- [EXERCISE BRIEF]:
What are the lines, word for word, from the line with "Guardiola: Haaland is" up to and including the line with "Volkswagen Polo VI" in the records below? Omit the pictures.

- [TASK INPUT]:
————————

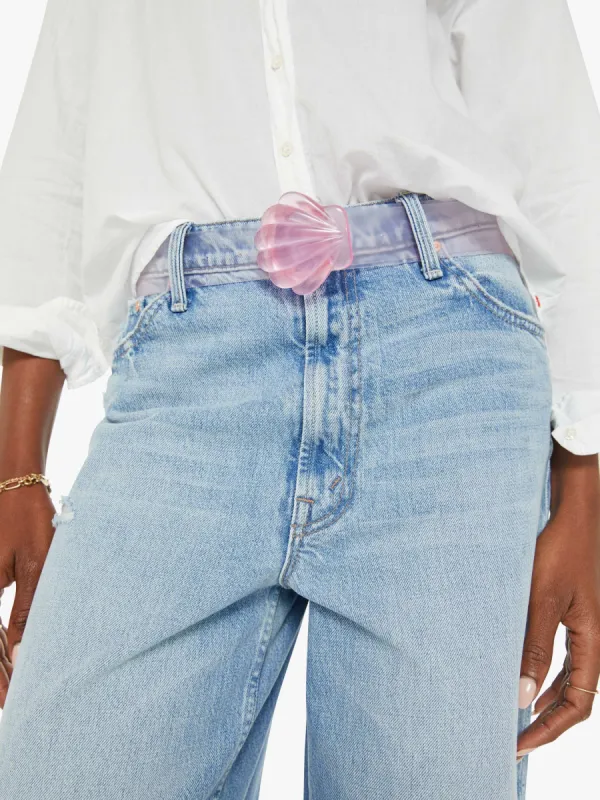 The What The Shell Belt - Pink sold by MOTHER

————————

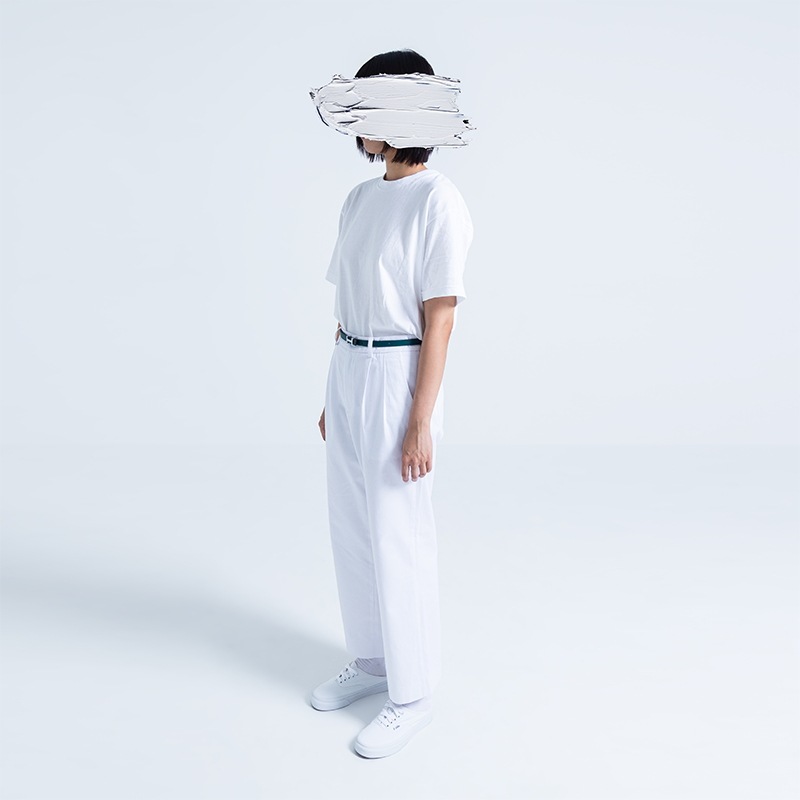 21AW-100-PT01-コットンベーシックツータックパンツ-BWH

————————

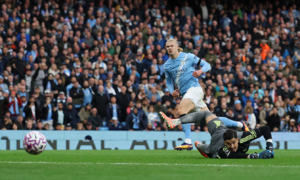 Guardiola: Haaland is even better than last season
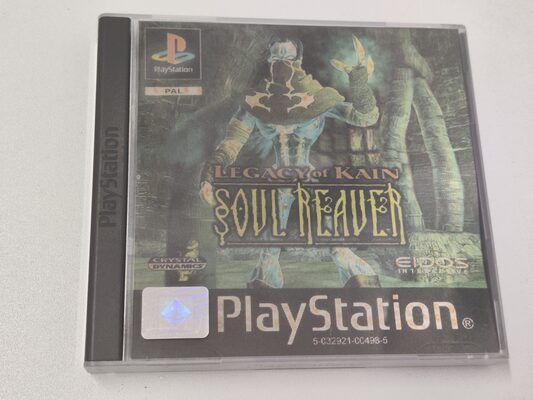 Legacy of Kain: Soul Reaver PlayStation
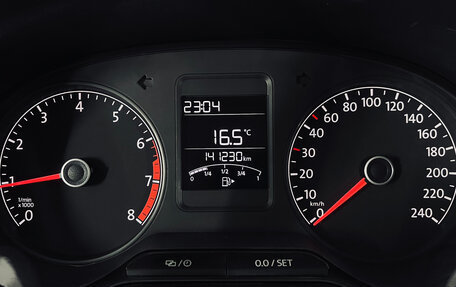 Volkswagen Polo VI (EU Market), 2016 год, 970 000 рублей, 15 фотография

————————

- [THE COMPLETED TASK]:
 Guardiola: Haaland is even better than last season
 Legacy of Kain: Soul Reaver PlayStation
 Volkswagen Polo VI (EU Market), 2016 год, 970 000 рублей, 15 фотография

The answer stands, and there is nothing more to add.